Brooklyn-Born Paterno Leaves Penn State Under a Cloud
Thursday, November 10, 2011
The Grand Experiment ended early for Joe Paterno, legendary Penn State football coach, as he was fired on Wednesday evening. The man who holds the record for the largest number of wins in college football came from humble beginnings in Brooklyn’s Flatbush neighborhood.
Paterno was born on December 21, 1926 to Angelo and Florence Paterno. He served as an usher at Ebbets Field, a major league baseball park in Flatbush. In 1941, Paterno began studying at the now defunct Brooklyn Preparatory School — a Catholic Jesuit School for boys.
There his athletic abilities became well known; he played basketball and became football team’s quarterback. In previous interviews, Paterno said that during his senior year his team was the best in Catholic school competitions in New York. They only lost one game – to St. Cecilia’s High from Englewood, N.J., which was then coached by a young Vince Lombardi.
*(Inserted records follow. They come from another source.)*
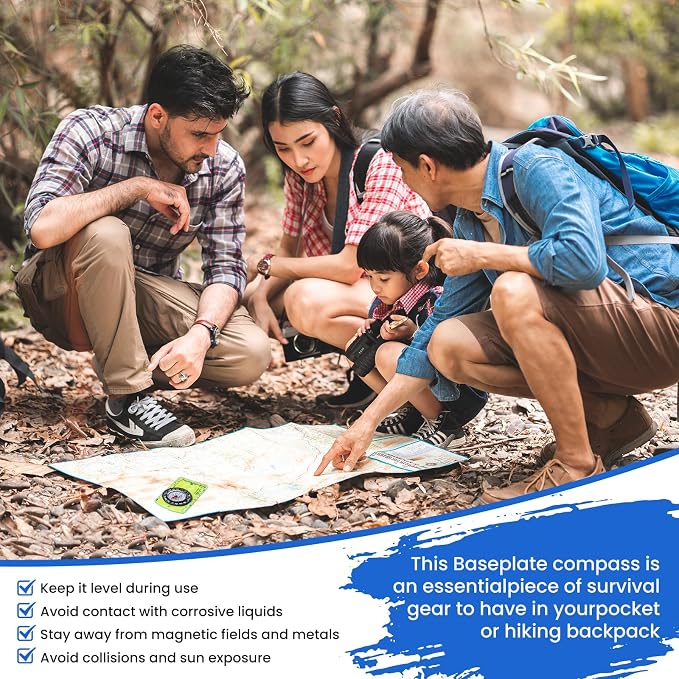 Orienteering Compass, Hiking Survival Compas, Compasses Kids - Image 5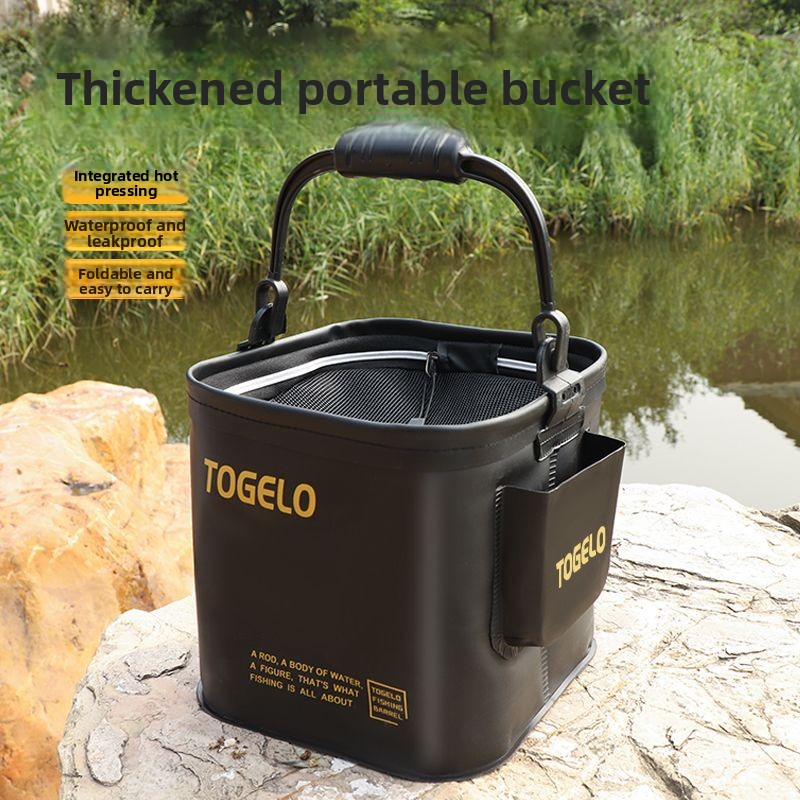 Fish bucket New folding fishin - Fishing Equipment 评论和价格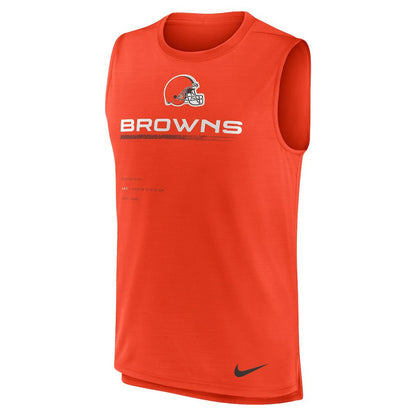 Cleveland Browns Muscle Trainer Tank Top - Orange | Nike sale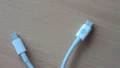 Кабел за данни и зареждане на Apple за iPhone с конектор USB-C към Lightning, дължина 1 м, снимка 2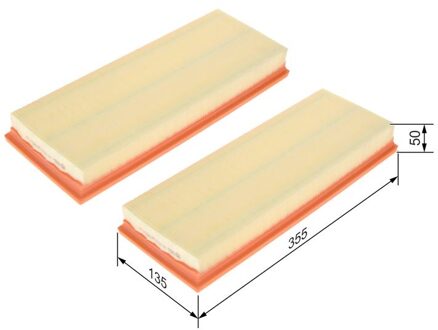 BOSCH Filtre a op 1457433071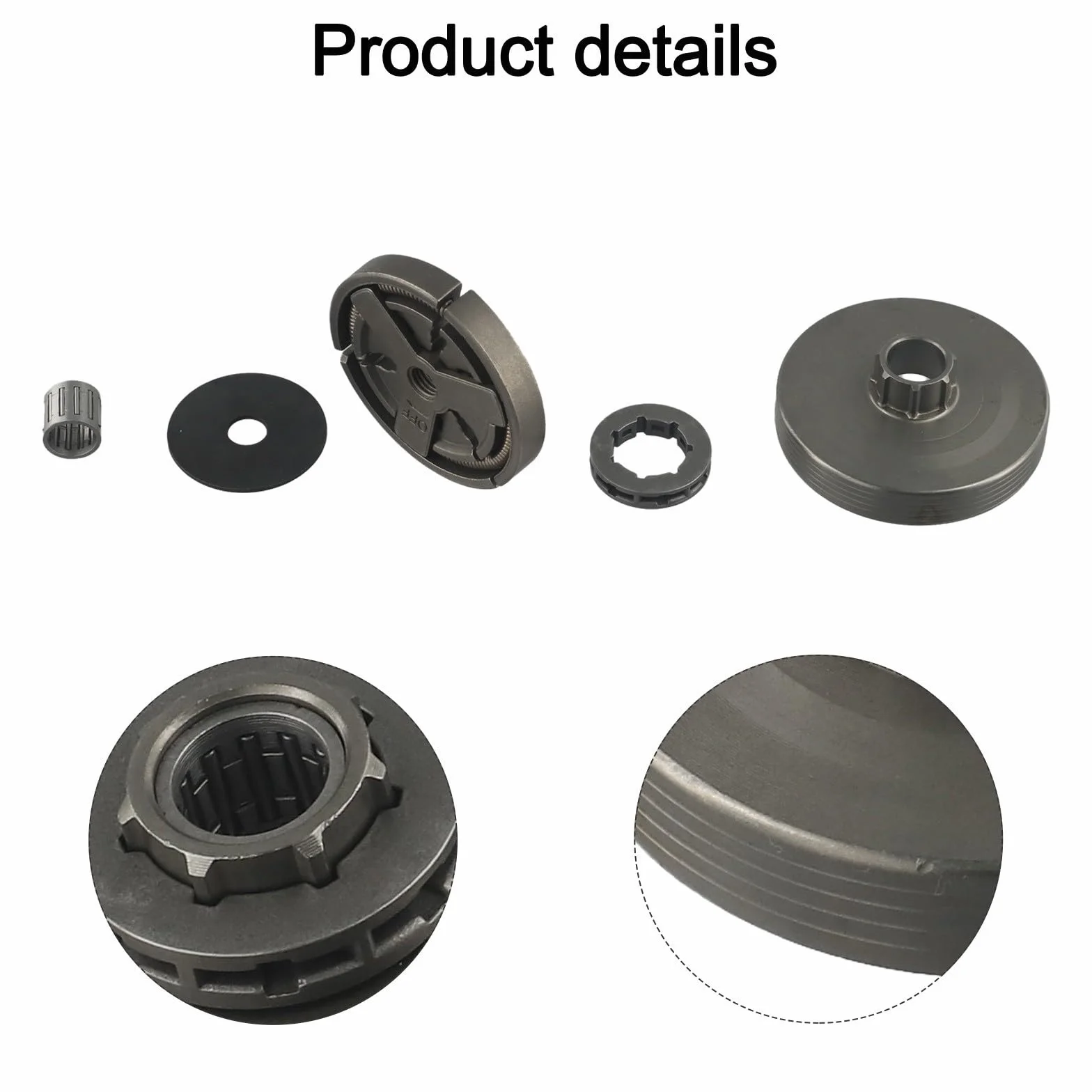 Kit di montaggio frizione compatibile con motoseghe cinesi 4500 5200 5800 e motori da 45 cc, 52 cc, 58 cc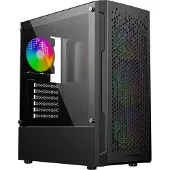 Gembird Fornax 400X - Tower - ATX - Seitenteil mit Fenster (gehärtetes Glas)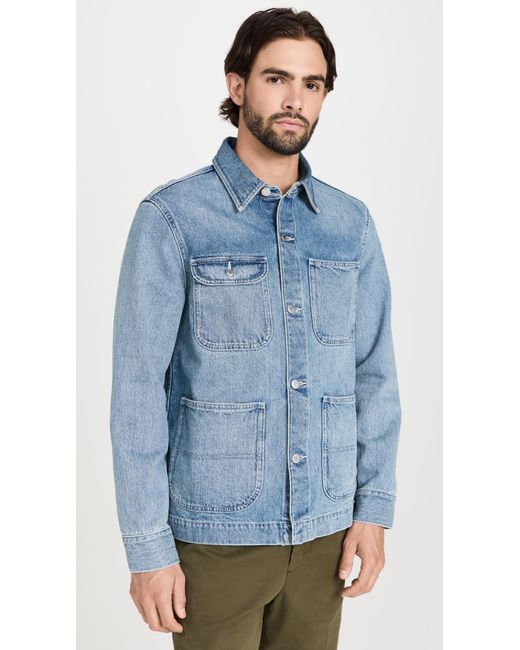 Alex Mill Blue Work Jacket for men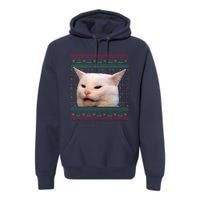 Funny Meme Yelling Christmax Premium Hoodie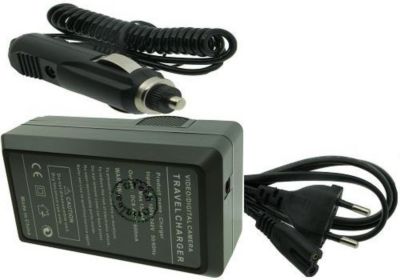 Chargeur Secteur + Allume-Cigare Pour Canon MVX1 / MVX1i / MVX2i – Neuf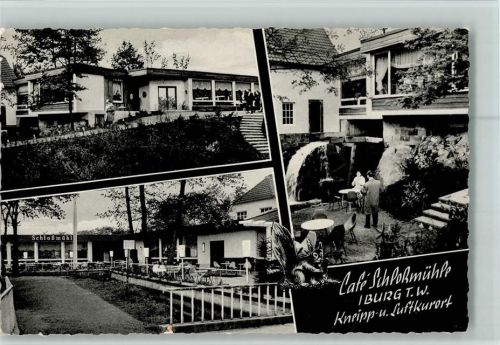 Bad Iburg Café Schloßmühle 3-Bildaufnahme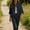Navy, variant on HOMBOM Womens Button down Shirts Summer Cardigan Cotton Linen Light Blue Solid 3/4 Sleeve Dressy Casual Blouse for Ladies Lapel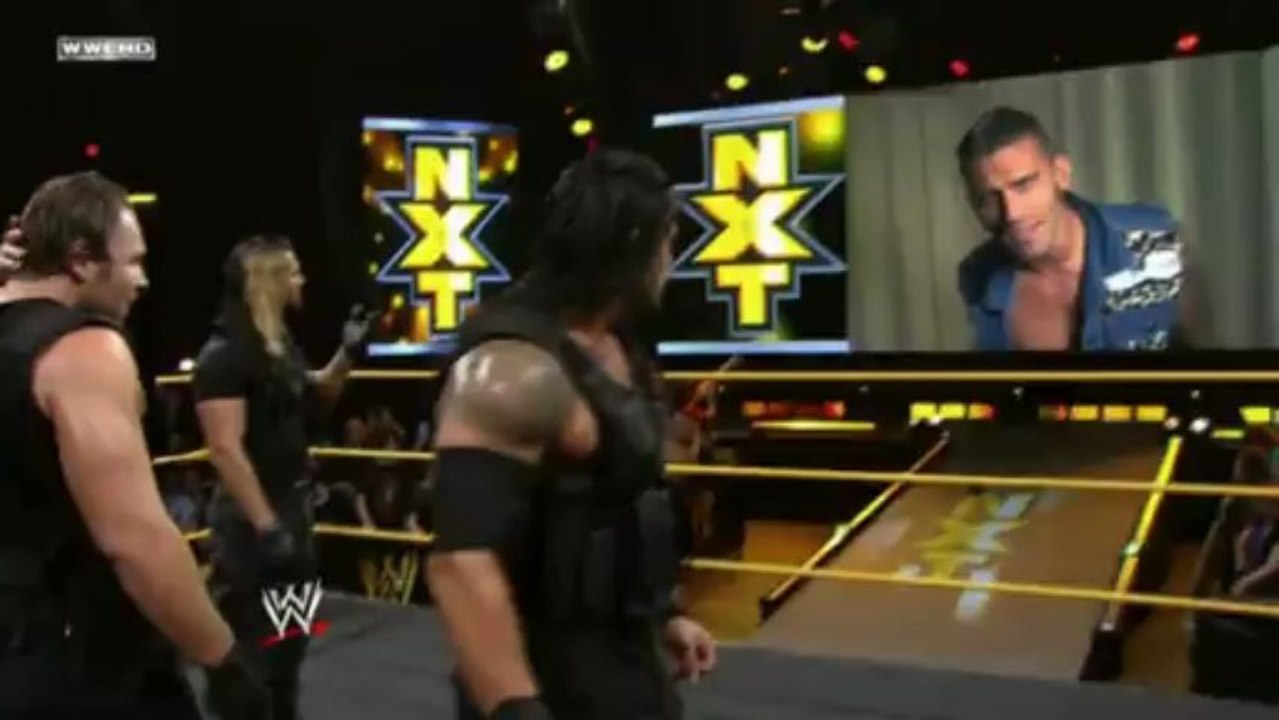 the shield on wwe nxt 4-10-13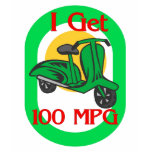 Motor Scooter 100 MPG t-shirts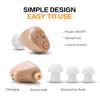 Rechargeable Hearing Aid Sound Amplifier Small & Invisible Mini Device Noise Reduction Enhance Sound for Seniors & Elderly Adults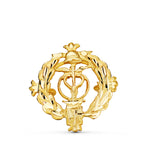 18K Yellow Gold Commercial Agent Badge. 16x16mm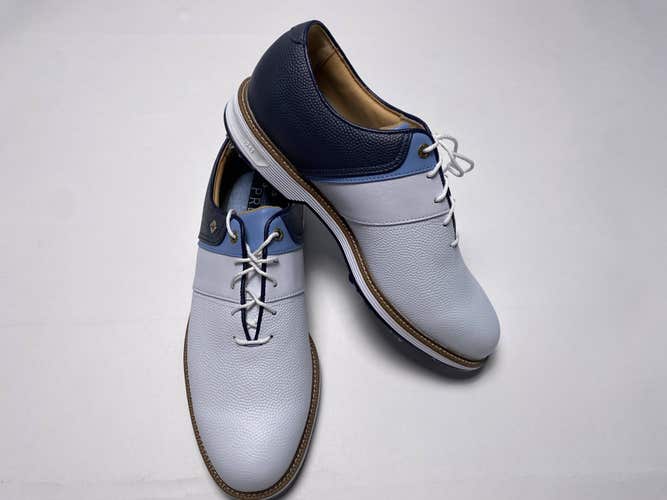 FootJoy FJ Dryjoys Premiere Series Packard Golf Shoes White Men's 9.5 Wide 54398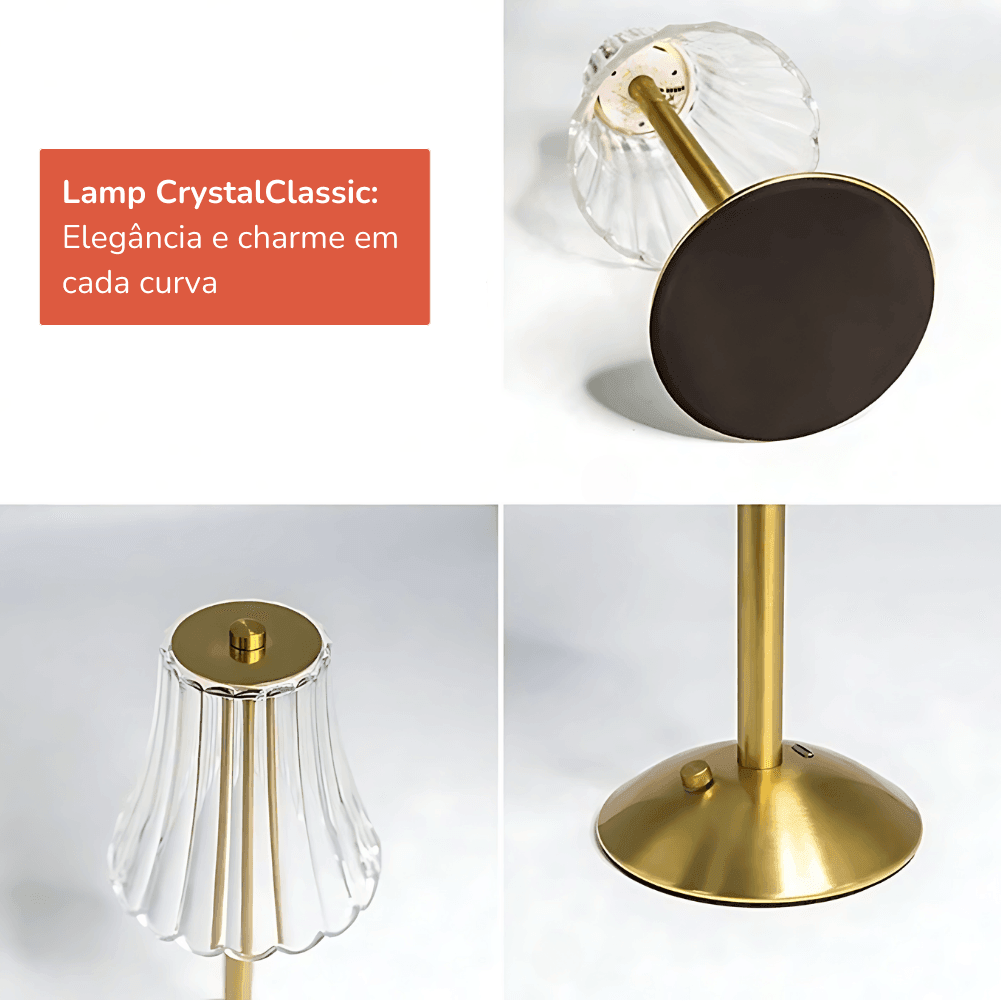 Abajur de Cristal - Lamp CrystalClassic - ProntoPraTi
Paterno did not only excel in sports, but in academics. He took four years of math and Latin. In his spare time he translated Virgil from Latin. He graduated in 1945.
Paterno went on to attend Brown University, where he played quarterback and defensive back. After graduating in 1950, he was supposed to go to law school, but instead followed his football coach from Brown to Penn State and took a coaching job.
“I had no intention to coach when I got out of Brown,” Paterno said in a 2007 interview before being inducted into the Hall of Fame. “Come to this hick town? From Brooklyn?”
But he did stay and coach, eventually becoming head coach in 1966. Over his career, he won 409 games, more than any other coach in Division I.
He also devised the “Grand Experiment,” which emphasized athletics and academics as equals.
Paterno was fired by the Penn State Board of Trustees on Wednesday, after one of his former assistant coaches, Jerry Sandusky, was charged with sexually abusing eight boys over 15 years. Paterno has come under scrutiny over failing to notify authorities when he was informed of one of the incidents.
Graham Spanier, Penn State president, was also fired.